Change the words doctors, patients, hospital, hospital administrator, and series of tests, treatments, and surgeries to lawyers and judges, clients, Cook County Circuit Probate Court, Chief Judge O'Connel, Michael Bilandic and litigation and you have the criminal activity which is involved in my case, and which appears to be common in Cook County Probate Court.


In 1990, Ronald Silbert began the scheme to defraud me, my brother and my father's estate. Silbert was confident he could pull the scheme off because he knew that Probate court is corrupt.

Silbert is an expert in Wills and trusts. His law partner, Jay Dolgin, teaches Will writing and probate law at John Marshall law school. (Based on my father's Will, I'd like to sit in on Dolgin's classes to see how he instructs lawyers to defraud clients by writing Wills which are intended to create litigation.)

My father, Harry Kalish, a Holocaust survivor, was unsophisticated and English was not his first language, so he was a very easy target for Silbert's scheme. Silbert deliberately wrote my father's Will to create litigation. Then he just sat back and waited for my father to die. At the time, my father was 73 and told Silbert that he had severe coronary artery disease and that he was in very poor health. Silbert knew that he didn't have a long wait. The only way the scheme could work was if my lawyers and the probate judges would conspire with him. And, they have.
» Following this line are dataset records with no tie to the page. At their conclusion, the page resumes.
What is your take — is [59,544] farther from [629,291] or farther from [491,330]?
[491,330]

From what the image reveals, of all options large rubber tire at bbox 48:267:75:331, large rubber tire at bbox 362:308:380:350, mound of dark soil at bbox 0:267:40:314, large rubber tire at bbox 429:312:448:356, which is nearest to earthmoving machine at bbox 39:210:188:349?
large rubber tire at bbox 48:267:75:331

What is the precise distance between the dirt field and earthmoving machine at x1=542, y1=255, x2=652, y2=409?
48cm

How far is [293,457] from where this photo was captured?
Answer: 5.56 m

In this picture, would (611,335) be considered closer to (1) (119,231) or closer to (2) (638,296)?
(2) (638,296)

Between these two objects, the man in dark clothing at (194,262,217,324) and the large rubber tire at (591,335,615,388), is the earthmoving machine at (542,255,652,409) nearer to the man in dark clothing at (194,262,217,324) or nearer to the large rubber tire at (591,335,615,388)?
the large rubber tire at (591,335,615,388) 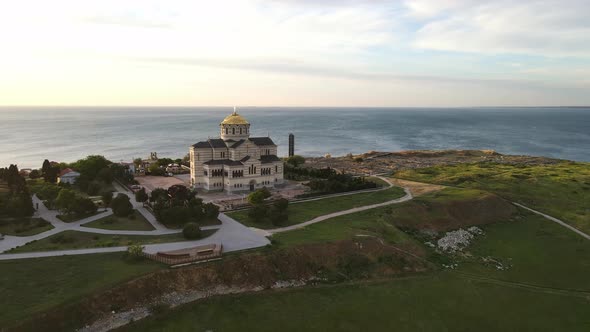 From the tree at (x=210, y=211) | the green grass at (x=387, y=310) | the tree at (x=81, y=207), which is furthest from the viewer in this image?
the tree at (x=210, y=211)

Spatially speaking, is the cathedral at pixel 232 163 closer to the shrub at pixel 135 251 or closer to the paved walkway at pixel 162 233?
the paved walkway at pixel 162 233

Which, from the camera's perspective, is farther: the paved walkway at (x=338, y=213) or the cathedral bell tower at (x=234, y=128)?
the cathedral bell tower at (x=234, y=128)

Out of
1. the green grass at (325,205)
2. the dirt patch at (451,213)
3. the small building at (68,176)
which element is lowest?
the dirt patch at (451,213)

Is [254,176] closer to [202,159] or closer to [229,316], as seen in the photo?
[202,159]

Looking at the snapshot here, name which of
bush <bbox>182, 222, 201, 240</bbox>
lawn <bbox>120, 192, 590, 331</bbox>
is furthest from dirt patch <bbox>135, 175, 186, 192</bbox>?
lawn <bbox>120, 192, 590, 331</bbox>

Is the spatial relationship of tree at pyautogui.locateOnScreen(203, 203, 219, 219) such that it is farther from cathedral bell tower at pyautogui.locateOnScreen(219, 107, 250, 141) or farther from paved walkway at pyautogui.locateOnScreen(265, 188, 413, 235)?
cathedral bell tower at pyautogui.locateOnScreen(219, 107, 250, 141)

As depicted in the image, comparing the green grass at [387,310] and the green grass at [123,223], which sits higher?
the green grass at [123,223]

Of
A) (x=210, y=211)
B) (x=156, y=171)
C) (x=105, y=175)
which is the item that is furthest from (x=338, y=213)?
(x=156, y=171)

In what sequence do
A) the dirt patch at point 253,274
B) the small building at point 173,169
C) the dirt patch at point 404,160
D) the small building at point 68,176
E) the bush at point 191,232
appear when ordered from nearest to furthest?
the dirt patch at point 253,274 < the bush at point 191,232 < the small building at point 68,176 < the small building at point 173,169 < the dirt patch at point 404,160

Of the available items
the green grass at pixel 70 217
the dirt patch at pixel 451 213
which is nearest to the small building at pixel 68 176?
the green grass at pixel 70 217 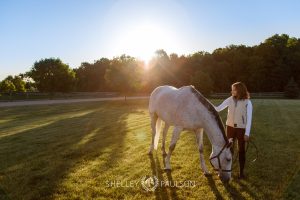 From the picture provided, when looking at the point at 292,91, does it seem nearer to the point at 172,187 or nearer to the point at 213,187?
the point at 213,187

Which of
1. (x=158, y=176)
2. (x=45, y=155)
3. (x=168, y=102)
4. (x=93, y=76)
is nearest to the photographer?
(x=158, y=176)

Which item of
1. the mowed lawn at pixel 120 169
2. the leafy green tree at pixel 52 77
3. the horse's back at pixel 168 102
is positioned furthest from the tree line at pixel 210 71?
the horse's back at pixel 168 102

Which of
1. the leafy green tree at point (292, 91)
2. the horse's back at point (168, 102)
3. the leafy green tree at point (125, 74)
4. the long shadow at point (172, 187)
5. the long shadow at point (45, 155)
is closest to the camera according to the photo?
the long shadow at point (172, 187)

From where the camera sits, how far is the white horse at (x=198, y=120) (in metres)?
6.35

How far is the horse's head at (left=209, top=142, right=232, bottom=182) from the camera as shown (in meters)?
6.29

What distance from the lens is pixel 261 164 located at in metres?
8.19

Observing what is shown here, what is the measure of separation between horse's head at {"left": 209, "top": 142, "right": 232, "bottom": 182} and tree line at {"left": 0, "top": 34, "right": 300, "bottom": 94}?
144ft

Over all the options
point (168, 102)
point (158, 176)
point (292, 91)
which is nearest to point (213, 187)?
point (158, 176)

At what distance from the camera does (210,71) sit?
71562mm

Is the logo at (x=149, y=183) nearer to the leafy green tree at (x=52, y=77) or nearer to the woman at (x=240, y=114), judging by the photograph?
the woman at (x=240, y=114)

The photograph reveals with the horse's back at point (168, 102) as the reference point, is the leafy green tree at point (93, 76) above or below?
above

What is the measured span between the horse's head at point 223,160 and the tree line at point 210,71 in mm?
43740

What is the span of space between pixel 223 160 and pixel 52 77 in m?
54.3

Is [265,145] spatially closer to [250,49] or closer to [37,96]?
[37,96] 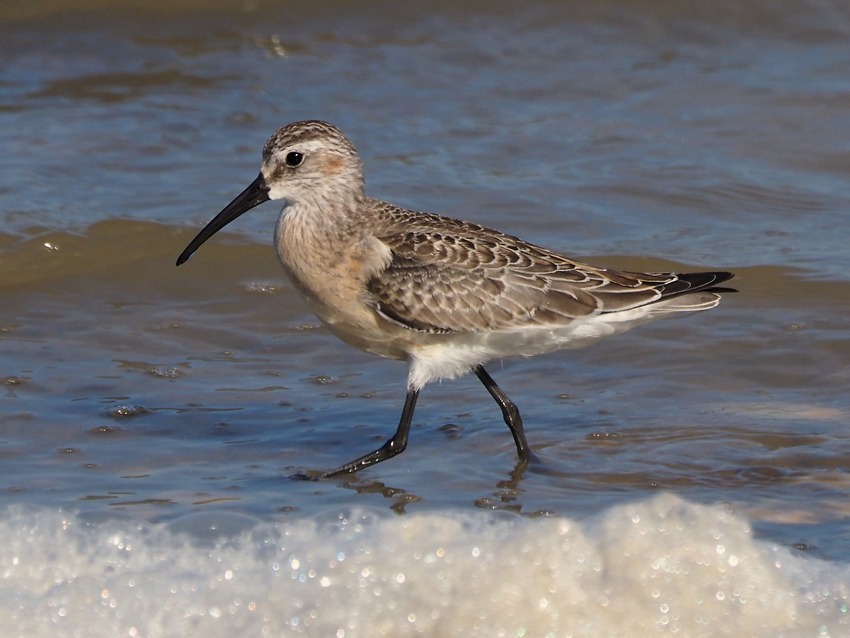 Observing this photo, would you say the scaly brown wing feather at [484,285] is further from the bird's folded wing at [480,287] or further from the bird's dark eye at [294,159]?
the bird's dark eye at [294,159]

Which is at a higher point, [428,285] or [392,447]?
[428,285]

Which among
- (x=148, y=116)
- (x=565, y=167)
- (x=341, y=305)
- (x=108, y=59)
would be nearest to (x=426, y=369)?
(x=341, y=305)

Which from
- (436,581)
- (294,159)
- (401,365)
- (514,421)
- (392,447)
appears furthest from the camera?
(401,365)

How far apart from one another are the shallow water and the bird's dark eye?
164 centimetres

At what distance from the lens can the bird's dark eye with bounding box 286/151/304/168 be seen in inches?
343

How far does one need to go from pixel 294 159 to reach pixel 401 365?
215 centimetres

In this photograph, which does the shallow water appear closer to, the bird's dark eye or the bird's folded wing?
the bird's folded wing

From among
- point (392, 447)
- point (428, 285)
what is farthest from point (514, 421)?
point (428, 285)

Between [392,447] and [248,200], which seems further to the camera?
[248,200]

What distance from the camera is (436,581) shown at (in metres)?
6.48

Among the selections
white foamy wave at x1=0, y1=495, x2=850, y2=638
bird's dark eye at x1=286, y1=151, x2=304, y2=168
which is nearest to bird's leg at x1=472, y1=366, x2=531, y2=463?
white foamy wave at x1=0, y1=495, x2=850, y2=638

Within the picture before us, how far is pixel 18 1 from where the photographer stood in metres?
16.8

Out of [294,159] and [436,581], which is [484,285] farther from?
[436,581]

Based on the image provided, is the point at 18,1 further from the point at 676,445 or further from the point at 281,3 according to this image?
the point at 676,445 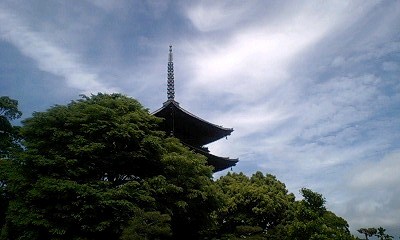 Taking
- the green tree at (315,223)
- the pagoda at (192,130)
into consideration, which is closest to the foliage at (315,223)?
the green tree at (315,223)

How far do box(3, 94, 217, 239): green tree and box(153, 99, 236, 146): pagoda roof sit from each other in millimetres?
6935

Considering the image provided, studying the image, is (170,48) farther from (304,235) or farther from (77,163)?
(304,235)

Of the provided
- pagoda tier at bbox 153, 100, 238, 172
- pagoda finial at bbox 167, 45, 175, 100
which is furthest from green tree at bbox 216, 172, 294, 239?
pagoda finial at bbox 167, 45, 175, 100

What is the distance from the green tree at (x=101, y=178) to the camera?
15852 millimetres

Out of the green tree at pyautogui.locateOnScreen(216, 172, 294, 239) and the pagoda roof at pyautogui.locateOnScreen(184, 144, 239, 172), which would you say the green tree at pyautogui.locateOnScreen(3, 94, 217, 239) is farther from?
the green tree at pyautogui.locateOnScreen(216, 172, 294, 239)

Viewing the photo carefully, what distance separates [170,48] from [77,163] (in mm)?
22693

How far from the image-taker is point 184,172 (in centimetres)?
1938

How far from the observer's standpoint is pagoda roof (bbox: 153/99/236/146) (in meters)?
27.8

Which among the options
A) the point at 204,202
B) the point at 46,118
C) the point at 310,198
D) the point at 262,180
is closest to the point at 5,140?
the point at 46,118

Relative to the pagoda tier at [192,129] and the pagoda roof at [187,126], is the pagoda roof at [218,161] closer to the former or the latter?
the pagoda tier at [192,129]

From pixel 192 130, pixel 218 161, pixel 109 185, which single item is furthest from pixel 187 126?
pixel 109 185

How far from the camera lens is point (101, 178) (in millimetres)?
18062

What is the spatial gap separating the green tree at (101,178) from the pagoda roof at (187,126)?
694 centimetres

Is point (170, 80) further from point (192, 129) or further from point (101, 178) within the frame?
point (101, 178) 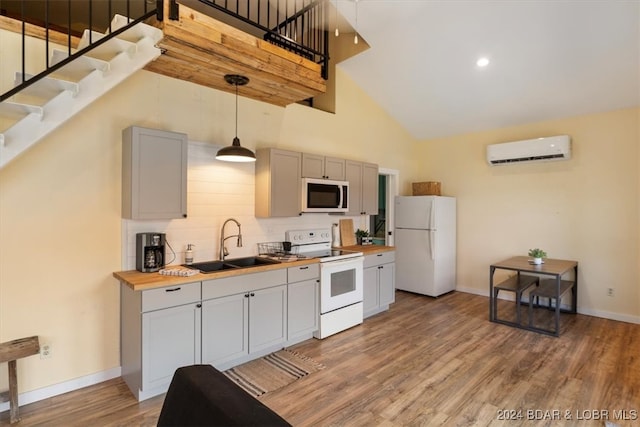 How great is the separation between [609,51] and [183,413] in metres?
5.09

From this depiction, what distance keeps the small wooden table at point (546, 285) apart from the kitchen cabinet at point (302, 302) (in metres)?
2.30

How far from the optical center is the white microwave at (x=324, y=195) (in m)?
4.04

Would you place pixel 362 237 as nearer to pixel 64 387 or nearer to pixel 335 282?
pixel 335 282

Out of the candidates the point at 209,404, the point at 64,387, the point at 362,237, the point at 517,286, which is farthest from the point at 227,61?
the point at 517,286

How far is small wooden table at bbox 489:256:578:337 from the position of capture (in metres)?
3.91

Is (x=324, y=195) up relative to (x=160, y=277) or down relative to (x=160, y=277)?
up

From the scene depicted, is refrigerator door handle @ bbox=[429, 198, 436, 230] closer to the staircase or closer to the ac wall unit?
the ac wall unit

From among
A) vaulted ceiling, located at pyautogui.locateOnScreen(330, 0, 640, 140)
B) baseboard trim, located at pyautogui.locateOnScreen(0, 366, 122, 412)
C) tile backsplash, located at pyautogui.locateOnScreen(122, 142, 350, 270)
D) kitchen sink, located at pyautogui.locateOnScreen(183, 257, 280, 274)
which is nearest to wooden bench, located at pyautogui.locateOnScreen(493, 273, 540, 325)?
vaulted ceiling, located at pyautogui.locateOnScreen(330, 0, 640, 140)

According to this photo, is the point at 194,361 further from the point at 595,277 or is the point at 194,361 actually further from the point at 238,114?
the point at 595,277

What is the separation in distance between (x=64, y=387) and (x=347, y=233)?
11.7 feet

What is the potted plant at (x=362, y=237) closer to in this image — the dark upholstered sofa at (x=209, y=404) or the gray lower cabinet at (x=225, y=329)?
the gray lower cabinet at (x=225, y=329)

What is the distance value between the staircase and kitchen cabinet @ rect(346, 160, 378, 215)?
9.09 feet

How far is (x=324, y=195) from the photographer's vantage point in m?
4.24

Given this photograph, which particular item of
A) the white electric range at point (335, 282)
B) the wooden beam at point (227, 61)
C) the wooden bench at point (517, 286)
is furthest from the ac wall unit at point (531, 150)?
the wooden beam at point (227, 61) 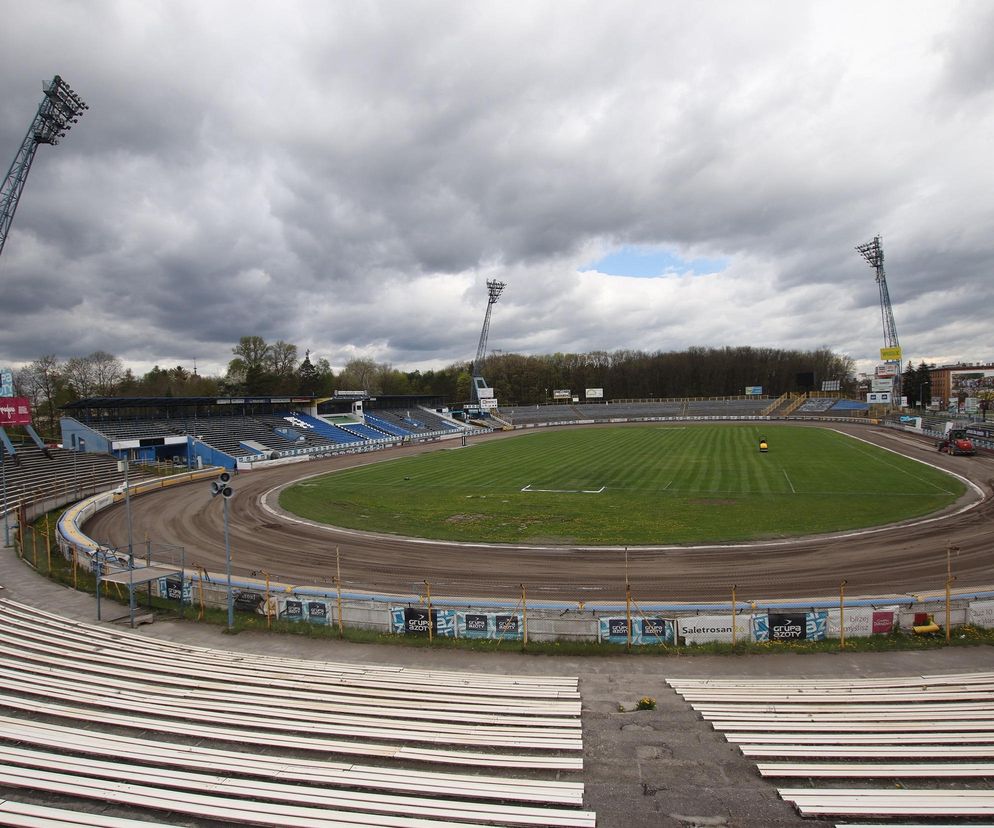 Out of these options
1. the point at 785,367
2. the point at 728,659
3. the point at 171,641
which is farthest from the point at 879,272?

In an impermissible conflict of interest, Silbert represented my father and his third wife, Margaret Kalish, in the execution of a joint and mutual trust contract. A joint and mutual trust contract is one in which two people, usually husband and wife, make provisions for each other and the survivor and, upon the death of the survivor, provide for disposition of the trust property. Hunter Estate Planning and Administration in Illinois. Supplement to Volume 3, September, 1996. My father contributed the bulk of the estate. He and Margaret had conflicting interests--different beneficiaries. My father had two children from a prior marriage and Margaret claimed that she had two children from a prior marriage. Silbert's conflict of interest was only unethical. His real intent was criminal--he planned to rip off the bulk of the estate by fraudulent litigation--first after Harry's death and then after Margaret's death.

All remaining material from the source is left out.